= Beginning of Section =
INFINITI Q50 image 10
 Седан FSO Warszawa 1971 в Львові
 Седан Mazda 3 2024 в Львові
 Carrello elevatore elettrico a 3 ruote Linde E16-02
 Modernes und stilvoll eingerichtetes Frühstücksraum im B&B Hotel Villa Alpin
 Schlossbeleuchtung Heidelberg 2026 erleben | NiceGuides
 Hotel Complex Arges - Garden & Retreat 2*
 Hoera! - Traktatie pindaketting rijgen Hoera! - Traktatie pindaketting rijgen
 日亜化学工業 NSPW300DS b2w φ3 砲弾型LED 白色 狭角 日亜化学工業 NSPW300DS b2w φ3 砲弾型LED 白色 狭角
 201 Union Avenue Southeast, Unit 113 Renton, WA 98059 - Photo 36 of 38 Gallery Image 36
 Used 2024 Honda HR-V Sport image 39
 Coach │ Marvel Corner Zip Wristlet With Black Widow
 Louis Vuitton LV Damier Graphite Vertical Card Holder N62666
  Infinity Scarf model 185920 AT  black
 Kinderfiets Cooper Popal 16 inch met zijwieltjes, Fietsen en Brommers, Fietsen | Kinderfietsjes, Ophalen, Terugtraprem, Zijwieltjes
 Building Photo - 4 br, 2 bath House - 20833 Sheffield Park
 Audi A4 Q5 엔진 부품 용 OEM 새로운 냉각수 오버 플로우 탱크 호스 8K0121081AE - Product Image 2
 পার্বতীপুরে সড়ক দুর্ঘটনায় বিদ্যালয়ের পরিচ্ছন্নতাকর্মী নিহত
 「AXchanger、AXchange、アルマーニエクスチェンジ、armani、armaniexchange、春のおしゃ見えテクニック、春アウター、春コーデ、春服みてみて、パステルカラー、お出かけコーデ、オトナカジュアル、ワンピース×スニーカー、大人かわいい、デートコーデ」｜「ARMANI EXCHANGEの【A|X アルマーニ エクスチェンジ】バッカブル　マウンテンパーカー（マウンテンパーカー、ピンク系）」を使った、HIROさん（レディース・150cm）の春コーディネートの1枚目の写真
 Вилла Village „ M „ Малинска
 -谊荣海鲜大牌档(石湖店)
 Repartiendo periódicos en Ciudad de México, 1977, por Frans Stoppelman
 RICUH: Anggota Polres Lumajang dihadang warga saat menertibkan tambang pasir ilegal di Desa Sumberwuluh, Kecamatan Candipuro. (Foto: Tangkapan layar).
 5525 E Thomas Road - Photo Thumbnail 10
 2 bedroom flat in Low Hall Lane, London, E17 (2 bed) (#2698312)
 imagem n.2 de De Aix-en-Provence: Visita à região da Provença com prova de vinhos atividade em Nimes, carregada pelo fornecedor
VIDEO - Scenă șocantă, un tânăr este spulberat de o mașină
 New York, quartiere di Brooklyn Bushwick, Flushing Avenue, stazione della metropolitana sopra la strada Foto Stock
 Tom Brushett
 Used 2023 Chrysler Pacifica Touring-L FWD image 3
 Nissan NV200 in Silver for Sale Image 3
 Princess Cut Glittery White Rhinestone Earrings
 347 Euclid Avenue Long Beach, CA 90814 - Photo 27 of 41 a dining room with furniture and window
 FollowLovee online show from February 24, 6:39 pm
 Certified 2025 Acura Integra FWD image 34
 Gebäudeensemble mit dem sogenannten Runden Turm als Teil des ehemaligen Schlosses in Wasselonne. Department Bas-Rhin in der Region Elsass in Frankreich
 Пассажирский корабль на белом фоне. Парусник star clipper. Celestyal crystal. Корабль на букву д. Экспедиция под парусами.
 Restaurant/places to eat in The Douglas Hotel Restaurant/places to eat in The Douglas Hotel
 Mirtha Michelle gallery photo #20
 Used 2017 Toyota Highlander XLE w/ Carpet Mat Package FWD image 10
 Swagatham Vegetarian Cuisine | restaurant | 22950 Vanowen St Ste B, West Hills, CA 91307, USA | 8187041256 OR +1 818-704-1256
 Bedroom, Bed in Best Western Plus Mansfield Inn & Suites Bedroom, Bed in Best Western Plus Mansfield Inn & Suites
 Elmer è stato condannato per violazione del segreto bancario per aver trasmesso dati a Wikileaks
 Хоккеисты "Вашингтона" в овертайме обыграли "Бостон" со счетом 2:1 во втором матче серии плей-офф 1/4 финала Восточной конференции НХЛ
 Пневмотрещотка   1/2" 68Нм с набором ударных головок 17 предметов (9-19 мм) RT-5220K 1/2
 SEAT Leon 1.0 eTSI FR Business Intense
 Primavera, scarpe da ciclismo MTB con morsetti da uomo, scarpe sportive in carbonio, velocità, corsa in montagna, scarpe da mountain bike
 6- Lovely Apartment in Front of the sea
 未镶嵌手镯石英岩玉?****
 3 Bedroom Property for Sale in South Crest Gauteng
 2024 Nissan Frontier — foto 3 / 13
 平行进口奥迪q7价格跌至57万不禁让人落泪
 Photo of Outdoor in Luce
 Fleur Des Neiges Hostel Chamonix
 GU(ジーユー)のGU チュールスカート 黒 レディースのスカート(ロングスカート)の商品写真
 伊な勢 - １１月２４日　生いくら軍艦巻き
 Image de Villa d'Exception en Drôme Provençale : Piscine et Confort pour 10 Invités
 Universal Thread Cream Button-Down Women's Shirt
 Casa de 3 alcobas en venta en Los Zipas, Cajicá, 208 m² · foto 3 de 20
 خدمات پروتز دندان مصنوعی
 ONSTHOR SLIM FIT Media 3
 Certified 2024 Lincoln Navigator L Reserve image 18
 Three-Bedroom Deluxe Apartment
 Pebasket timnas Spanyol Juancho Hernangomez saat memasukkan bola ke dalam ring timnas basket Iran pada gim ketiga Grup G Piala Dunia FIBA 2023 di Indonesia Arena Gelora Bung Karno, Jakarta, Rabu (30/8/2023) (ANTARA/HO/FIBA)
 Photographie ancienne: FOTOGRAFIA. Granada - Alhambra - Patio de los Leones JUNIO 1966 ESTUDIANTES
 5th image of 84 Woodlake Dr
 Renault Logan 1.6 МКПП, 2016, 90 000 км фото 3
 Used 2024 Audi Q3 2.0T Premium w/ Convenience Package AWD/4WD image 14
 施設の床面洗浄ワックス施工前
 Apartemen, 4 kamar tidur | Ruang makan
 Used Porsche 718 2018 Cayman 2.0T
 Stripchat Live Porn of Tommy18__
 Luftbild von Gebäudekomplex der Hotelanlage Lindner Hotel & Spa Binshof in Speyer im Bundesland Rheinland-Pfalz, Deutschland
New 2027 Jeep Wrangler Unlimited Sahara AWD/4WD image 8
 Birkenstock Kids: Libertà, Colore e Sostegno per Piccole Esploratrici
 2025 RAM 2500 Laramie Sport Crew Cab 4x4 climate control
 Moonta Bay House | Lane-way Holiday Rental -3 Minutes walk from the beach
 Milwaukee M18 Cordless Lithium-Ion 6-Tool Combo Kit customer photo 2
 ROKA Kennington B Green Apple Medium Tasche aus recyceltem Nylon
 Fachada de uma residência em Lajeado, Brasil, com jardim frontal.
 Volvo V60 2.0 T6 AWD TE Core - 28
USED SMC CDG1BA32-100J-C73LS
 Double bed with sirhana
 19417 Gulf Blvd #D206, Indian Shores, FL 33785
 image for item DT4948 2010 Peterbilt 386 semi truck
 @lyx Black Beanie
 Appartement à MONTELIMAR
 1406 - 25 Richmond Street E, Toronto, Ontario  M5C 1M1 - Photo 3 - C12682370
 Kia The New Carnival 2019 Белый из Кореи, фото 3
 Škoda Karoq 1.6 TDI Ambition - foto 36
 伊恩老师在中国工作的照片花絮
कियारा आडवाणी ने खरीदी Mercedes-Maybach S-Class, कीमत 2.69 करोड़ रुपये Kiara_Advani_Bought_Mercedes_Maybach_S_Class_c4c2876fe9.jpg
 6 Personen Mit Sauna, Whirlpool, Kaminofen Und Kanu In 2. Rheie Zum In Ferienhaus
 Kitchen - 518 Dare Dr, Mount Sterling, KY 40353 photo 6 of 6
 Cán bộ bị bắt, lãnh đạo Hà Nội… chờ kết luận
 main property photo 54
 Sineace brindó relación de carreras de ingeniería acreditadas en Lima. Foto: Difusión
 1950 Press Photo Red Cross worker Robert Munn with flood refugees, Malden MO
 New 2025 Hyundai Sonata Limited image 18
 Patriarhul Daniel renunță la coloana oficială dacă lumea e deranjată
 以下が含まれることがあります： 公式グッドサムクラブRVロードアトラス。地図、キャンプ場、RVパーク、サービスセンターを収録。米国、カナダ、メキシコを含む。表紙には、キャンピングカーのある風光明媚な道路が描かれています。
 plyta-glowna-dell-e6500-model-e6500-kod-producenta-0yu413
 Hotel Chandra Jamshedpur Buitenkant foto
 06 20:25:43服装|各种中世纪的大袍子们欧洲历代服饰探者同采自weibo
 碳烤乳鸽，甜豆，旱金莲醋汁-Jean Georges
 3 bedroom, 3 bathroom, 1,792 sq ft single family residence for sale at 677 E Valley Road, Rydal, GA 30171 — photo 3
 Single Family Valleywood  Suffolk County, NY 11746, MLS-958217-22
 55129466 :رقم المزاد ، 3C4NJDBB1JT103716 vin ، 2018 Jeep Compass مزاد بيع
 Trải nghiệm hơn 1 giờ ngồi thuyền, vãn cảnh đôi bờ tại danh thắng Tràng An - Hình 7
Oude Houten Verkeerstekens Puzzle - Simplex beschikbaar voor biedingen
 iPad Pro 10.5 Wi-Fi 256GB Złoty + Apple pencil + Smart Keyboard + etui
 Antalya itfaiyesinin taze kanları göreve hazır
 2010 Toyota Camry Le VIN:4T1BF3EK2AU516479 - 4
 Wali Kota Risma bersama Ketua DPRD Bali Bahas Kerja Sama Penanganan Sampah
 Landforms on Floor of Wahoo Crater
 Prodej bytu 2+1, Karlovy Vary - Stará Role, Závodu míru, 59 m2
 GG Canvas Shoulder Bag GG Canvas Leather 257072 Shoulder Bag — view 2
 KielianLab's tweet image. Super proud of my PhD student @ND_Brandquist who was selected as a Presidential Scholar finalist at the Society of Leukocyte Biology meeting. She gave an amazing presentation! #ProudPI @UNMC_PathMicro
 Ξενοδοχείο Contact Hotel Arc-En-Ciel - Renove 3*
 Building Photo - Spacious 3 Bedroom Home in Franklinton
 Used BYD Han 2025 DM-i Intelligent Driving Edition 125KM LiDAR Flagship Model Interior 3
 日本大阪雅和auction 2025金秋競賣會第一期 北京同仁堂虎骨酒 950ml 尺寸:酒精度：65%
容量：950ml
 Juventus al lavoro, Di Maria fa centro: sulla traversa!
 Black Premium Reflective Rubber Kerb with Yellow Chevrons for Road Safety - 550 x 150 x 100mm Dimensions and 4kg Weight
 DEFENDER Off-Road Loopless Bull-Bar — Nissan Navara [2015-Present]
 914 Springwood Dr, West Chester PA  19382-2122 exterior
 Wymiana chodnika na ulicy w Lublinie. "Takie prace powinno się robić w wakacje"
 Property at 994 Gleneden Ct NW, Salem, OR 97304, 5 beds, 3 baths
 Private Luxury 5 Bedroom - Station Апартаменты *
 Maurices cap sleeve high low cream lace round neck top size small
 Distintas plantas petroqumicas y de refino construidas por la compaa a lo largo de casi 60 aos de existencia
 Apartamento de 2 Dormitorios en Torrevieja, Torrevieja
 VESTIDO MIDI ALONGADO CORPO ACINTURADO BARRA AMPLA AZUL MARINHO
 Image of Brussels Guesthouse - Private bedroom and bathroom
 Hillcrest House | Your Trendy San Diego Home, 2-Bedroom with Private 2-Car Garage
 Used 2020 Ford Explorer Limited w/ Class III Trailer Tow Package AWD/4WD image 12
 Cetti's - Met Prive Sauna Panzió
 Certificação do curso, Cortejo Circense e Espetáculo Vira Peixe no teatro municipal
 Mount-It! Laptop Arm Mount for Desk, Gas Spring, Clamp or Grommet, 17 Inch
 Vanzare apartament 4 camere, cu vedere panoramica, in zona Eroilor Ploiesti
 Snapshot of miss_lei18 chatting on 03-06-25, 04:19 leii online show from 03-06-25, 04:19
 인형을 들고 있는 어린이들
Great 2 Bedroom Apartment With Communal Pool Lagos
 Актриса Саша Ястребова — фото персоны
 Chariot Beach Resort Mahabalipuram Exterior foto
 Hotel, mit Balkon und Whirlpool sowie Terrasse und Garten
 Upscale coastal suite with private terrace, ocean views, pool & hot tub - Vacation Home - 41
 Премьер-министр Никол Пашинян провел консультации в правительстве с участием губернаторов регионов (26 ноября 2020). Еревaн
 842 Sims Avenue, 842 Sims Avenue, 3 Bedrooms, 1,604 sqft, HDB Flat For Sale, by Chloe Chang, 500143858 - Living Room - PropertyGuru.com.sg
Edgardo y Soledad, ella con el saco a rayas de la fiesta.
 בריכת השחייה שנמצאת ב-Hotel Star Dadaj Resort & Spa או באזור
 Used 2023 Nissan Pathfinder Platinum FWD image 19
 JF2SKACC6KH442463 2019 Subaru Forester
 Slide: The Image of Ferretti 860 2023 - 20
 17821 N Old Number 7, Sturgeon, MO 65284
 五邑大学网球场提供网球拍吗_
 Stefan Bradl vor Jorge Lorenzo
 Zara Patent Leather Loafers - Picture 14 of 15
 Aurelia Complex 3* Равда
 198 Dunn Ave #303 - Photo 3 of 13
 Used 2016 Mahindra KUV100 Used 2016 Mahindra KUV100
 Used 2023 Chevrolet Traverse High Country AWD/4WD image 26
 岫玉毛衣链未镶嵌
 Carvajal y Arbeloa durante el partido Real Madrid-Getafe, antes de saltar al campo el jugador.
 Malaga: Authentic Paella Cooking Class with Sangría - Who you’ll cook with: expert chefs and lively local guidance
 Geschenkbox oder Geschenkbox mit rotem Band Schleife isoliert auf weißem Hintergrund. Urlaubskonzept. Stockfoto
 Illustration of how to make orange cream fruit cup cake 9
= End of Section =
* TASK TO COMPLETE
Nothing beyond the lines from the start of the entries through the line with "Hotel Complex Arges - Garden & Retreat 2*" should appear. Repeat those lines exactly, both ends included.

* RESPONSE AREA
INFINITI Q50 image 10
 Седан FSO Warszawa 1971 в Львові
 Седан Mazda 3 2024 в Львові
 Carrello elevatore elettrico a 3 ruote Linde E16-02
 Modernes und stilvoll eingerichtetes Frühstücksraum im B&B Hotel Villa Alpin
 Schlossbeleuchtung Heidelberg 2026 erleben | NiceGuides
 Hotel Complex Arges - Garden & Retreat 2*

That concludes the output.